Mental imagery of complex scenes is subjectively very similar to mental imagery that accompanies recall of long-term memories. Thus, the use of complex scenes as targets for mental imagery mimics the kind of mental imagery that occurs during everyday mental life. Since we have shown that low-level visual features play a role in mental imagery of complex scenes, we can infer that these features are likely to support memory recall as it occurs in the course of everyday mental life. It is unclear if mental imagery of reduced stimuli is comparable to mental imagery that occurs naturally. Thus, it would be difficult to infer if low-level visual features encoded during mental imagery of reduced stimuli play any broader role in cognition.

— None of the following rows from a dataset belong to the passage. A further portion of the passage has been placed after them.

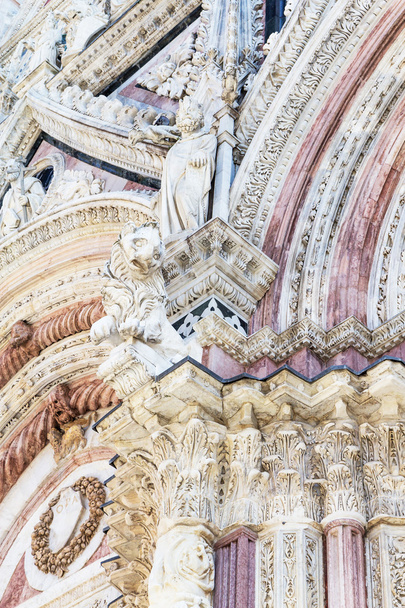Exterior of the cathedral in Siena closeup - Zdjęcie, obraz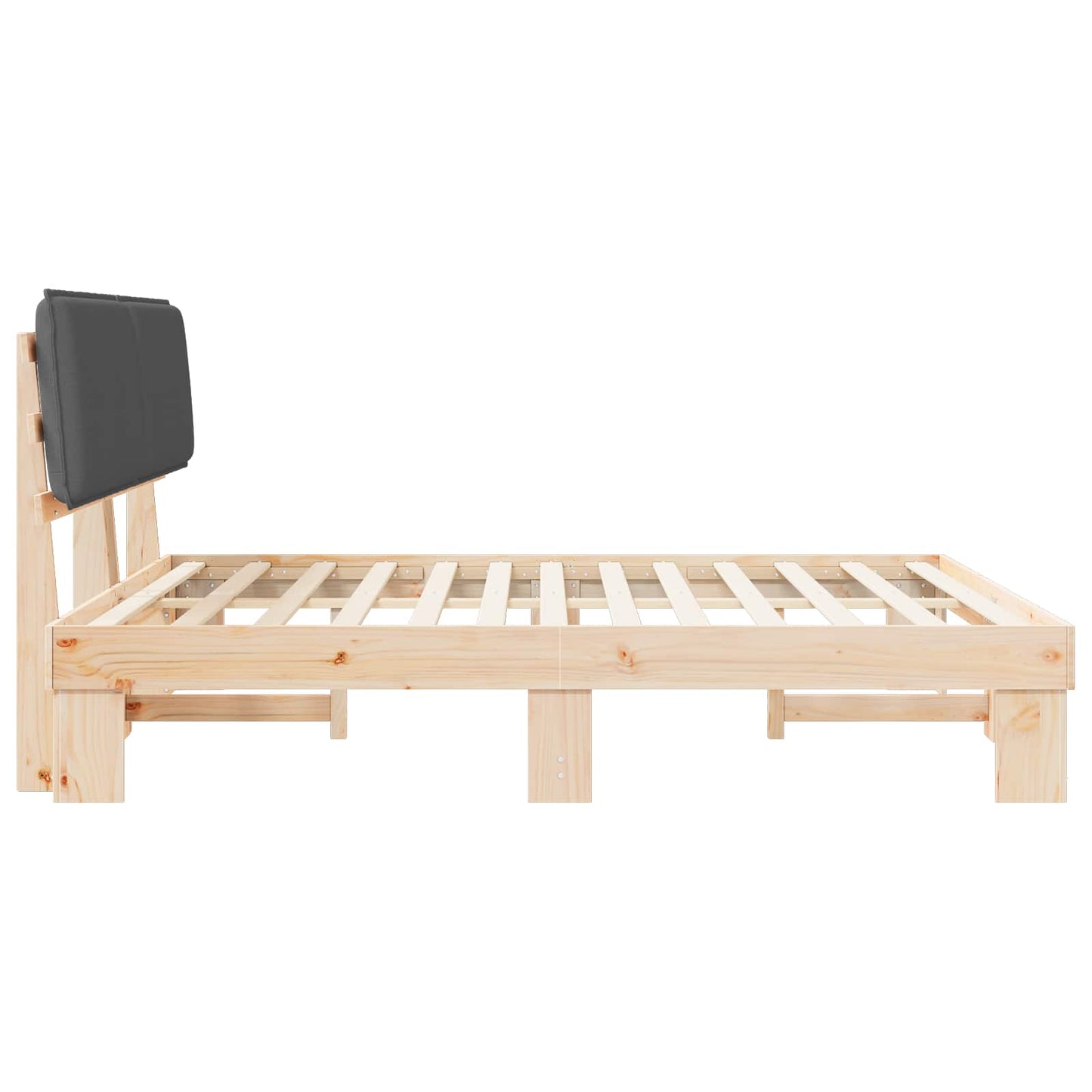 Letto con Testiera Rivestita Grigio scuro 200 x 200 cm | homemem39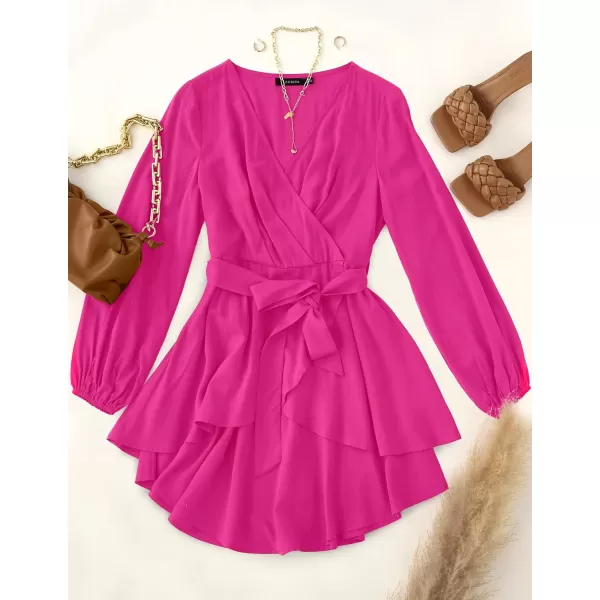 imageZESICA Womens Wrap V Neck Dress Long Sleeve 2023 Tie Waist Ruffle Hem Cocktail Wedding Party Swing Mini DressesRose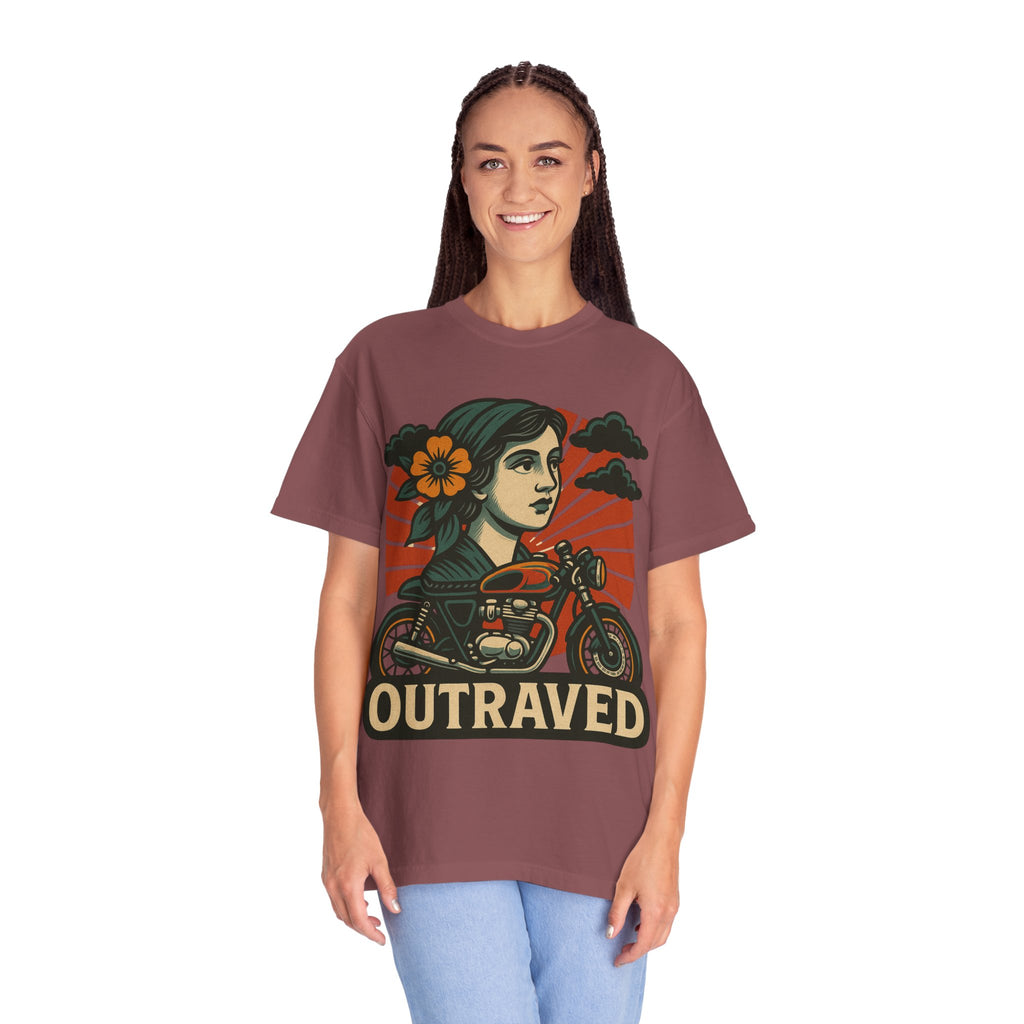 A Outraved Motorcycle Graphic T-Shirt — Vintage Rider Skull & Sunburst Tee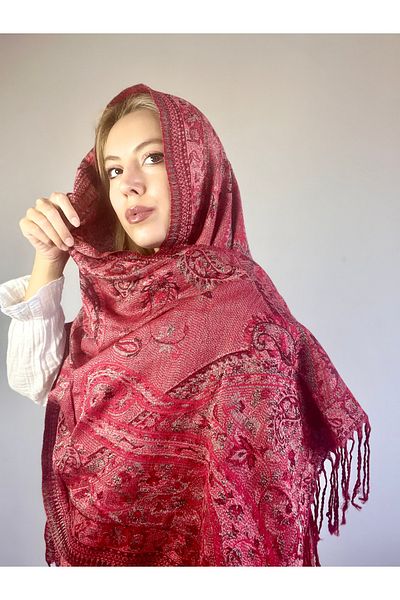 Çeşme Home Red Cashmere Silk Mix Original Pashmina Shawl Scarf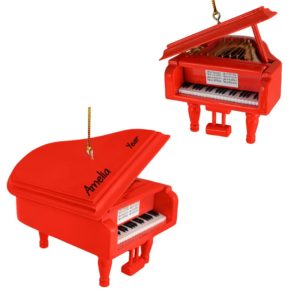 Image of Personalized Grand Piano RED Christmas Ornament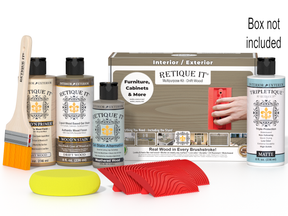 Retique It® Wood'n Finish Kit in Drift Wood for interior top coating, shown with included tools and product packaging.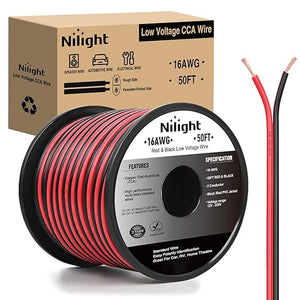 50FT 16AWG Copper Clad Aluminum Wire 16/2 Gauge Red Black CCA Electrical Cable 2 Conductor Parallel 12V/24V DC Flexible Extension Cords for Car Audio Radio Speaker Amplifier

3.5 Selection by tuning, not area
All fMRI studies that deploy a decoding analysis must include some rational, objective procedure for selecting the voxels that are used to perform decoding. In this study we selected voxel populations based upon encoding model prediction accuracy. This procedure was a natural one in our case because it facilitated a straightforward test of our hypothesis. A more conventional choice would have been to simply select voxels from early visual areas (V1 and V2), but this was less appropriate for two reasons. First, our hypothesis concerned the encoding of specific visual features, not the engagement of specific visual areas. By ranking voxels according to their degree of tuning we were able to test if features were encoded in activity independent of the visual area from which activity was sampled. Second, our procedure for voxel selection afforded a more robust test of our hypothesis than selection based upon region-of-interest. This is because our procedure sampled image identification accuracy in multiple voxel populations. The importance of this resampling can be seen in Figure 3. For voxel populations that are not tuned to low-level visual features there is a broad distribution of image identification accuracy. The distribution is exactly what would be expected if decoding accuracy were sampled randomly from a uniform distribution, leading to the correct conclusion that activity in voxels that are not tuned encodes no information about low-level visual features. If only one voxel population representative of well- and poorly-tuned voxels, respectively, had been sampled the results could have easily led to spurious conclusions.
Although our decision to select by tuning instead of area was appropriate and well-motivated, the question of the relative contributions of distinct visual areas to the representation of mental imagery is extremely important. For example, the results of Lee et al. (2012) suggest that mental imagery and perception converge toward parity with ascension of the visual hierarchy. Using our analysis, the quality of tuning to low-level visual features is a stronger determinant of decoding accuracy than visual area. Therefore, to examine this issue with the VM approach, encoding models that capture the basic representation in intermediate visual areas will be needed. The Gabor-wavelet encoding model used here is appropriate for V1 and V2, but it is increasingly less appropriate for V3, V4, etc. Although predictive encoding models for intermediate visual areas are under development, to our knowledge none are currently mature enough to use for studying mental images of complex scenes.
3.6 Potential confounds
Of potential concern is the possibility that our encoding model inadvertently captured tuning to object category via the correlations between object category and low-level features that may occur in natural scenes. However, it has been shown repeatedly in previous studies (Naselaris et al., 2009; Cukur et al., 2013) that the encoding model used here correlates poorly with object categories in natural scenes; therefore, we can safely rule out the possibility that identification of mental images depends upon object-category tuning that is correlated with tuning to low-level features.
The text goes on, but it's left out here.